### REQUIREMENT
Copy task for the material below: print the line with "Perflex 3D Havuzlu" and every line after it to the end, exactly as written, without the pictures.

### SUPPLIED MATERIAL
· · · ·

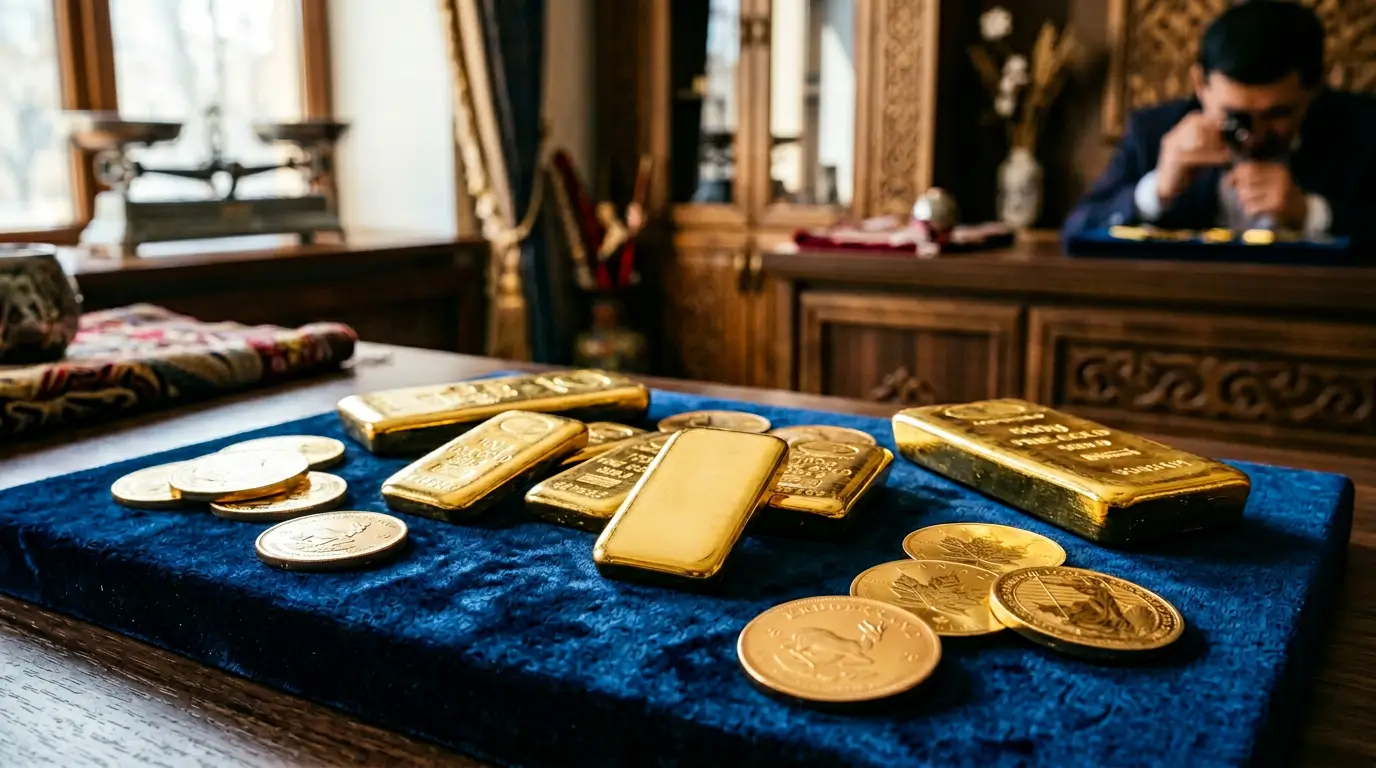 Скупка золота 999 пробы в ломбарде Алматы — инвестиционное золото, слитки и монеты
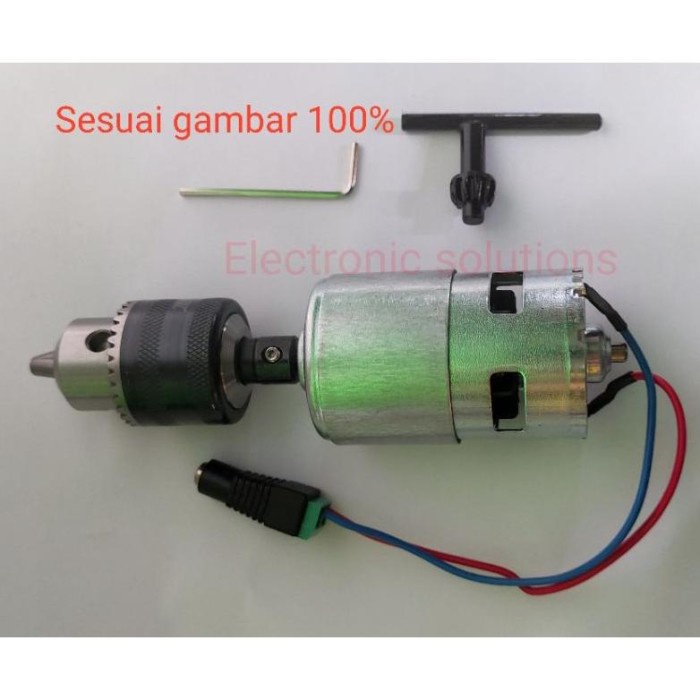Motor Dinamo Dc 775 Plus Chuk Bor 10Mm Terlaris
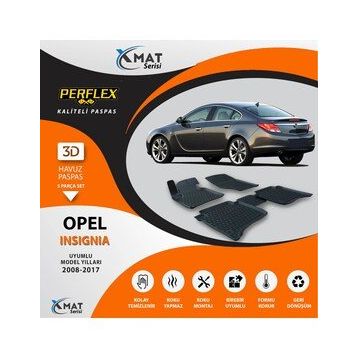 Perflex 3D Havuzlu X-Mat Insıgnıa 2008-2017 Paspas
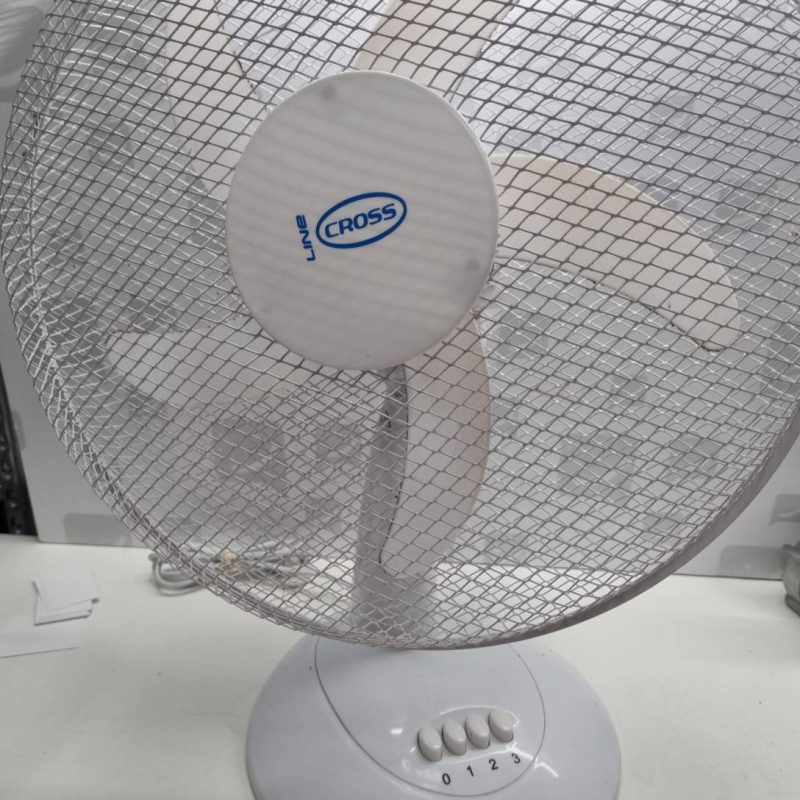 Ventilateur Line cross Blanc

· · · ·

### ANSWER FOR THIS EXERCISE
 Perflex 3D Havuzlu X-Mat Insıgnıa 2008-2017 Paspas
 Ventilateur Line cross Blanc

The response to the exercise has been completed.